Fred Ross, Chairman, Art Renewal Center writes: "Yes, but as always common sense must be used. No blanket philosophy either way really works in all circumstances.
If social norms and sensibilities are too narrowly wrapped, then being
attentive to them can really close off freedom of expression, as in Nazi
Germany or Saudi Arabia today. But in the USA in 2002, there is so little that's left, that the only way to shock norms and sensibilities is with bloody tampons - that's no longer expression. It's offensiveness for its own sake. Common sense says that at this place and at this time, its time for art to apply itself to real subject matter....the taboos that we have left are needed. Otherwise the next step will be murder, as performance art, as your article pointed out.
K. H. writes: "Again we run into the problem of using the excluded middle as a guide to life rather than a convenience in logic. To put it simply, artists should respect other people and their value but certainly not blindly follow conventions that only serve to mask that value or render it impotent. All the instances referred to have little or nothing to do with art but are simply means (by now hopelessly cliched means) of self-promotion. Certainly artists have the right to produce sensationalist junk just as the National Enquirer has the right to publish it but artists cannot claim to lead society or even fill a valid role if their own value system is no different from that of an Enron executive. Absolute freedom of expression is mere license, ultimately inert and inconsequential, and available to any four-year-old. The art to aim for creates value through identity-it may be rare and difficult but it has power."

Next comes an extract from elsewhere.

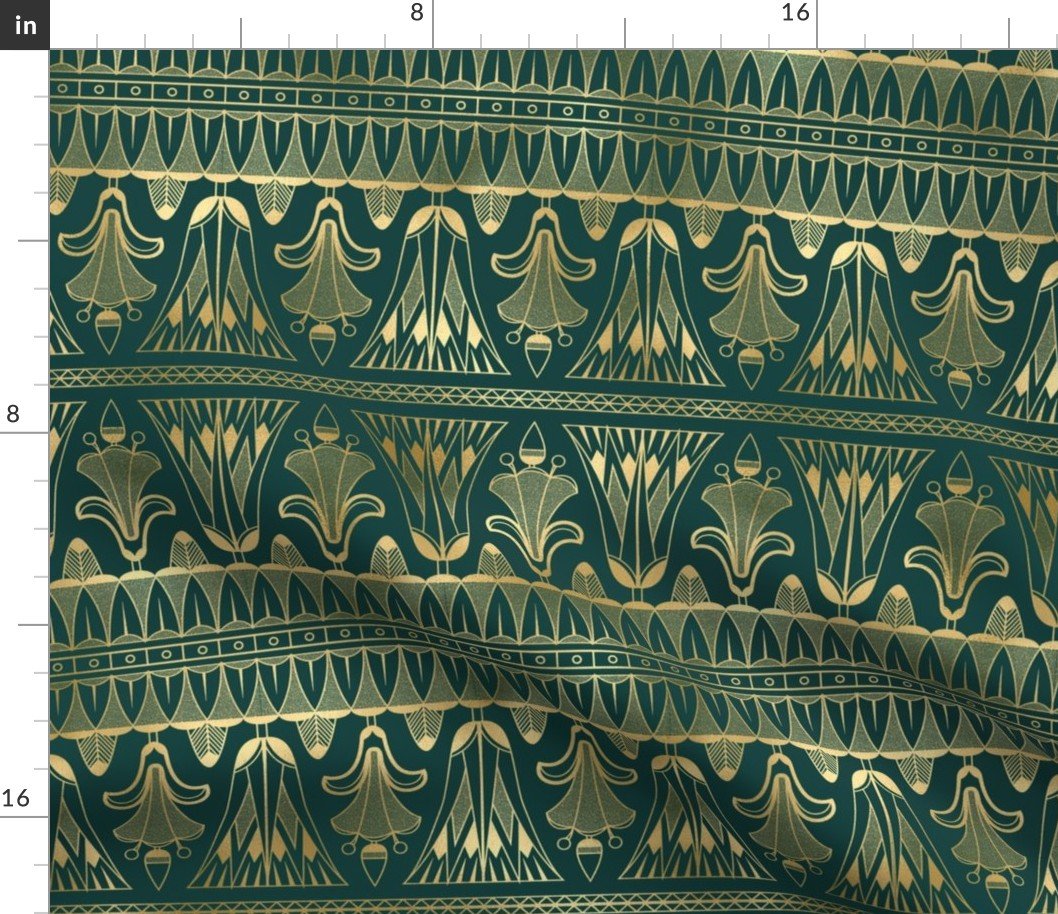 Teal and Faux Gold Vintage Foil Art Deco Egg and Dart Frieze Pattern Fabric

H. H. writes: "I have a few paintings in my portfolio that offend some people. They have the option to NOT view those paintings if they so choose. However they often feel the need to censor these paintings so that no one can enjoy them."
"Whether it is Christmas, Hanukkah, Eid, or whatever form of winter solstice celebration you observe, all the staff at ArtVitae.com wish you all tolerance, charity, understanding, and good will during this holiday season."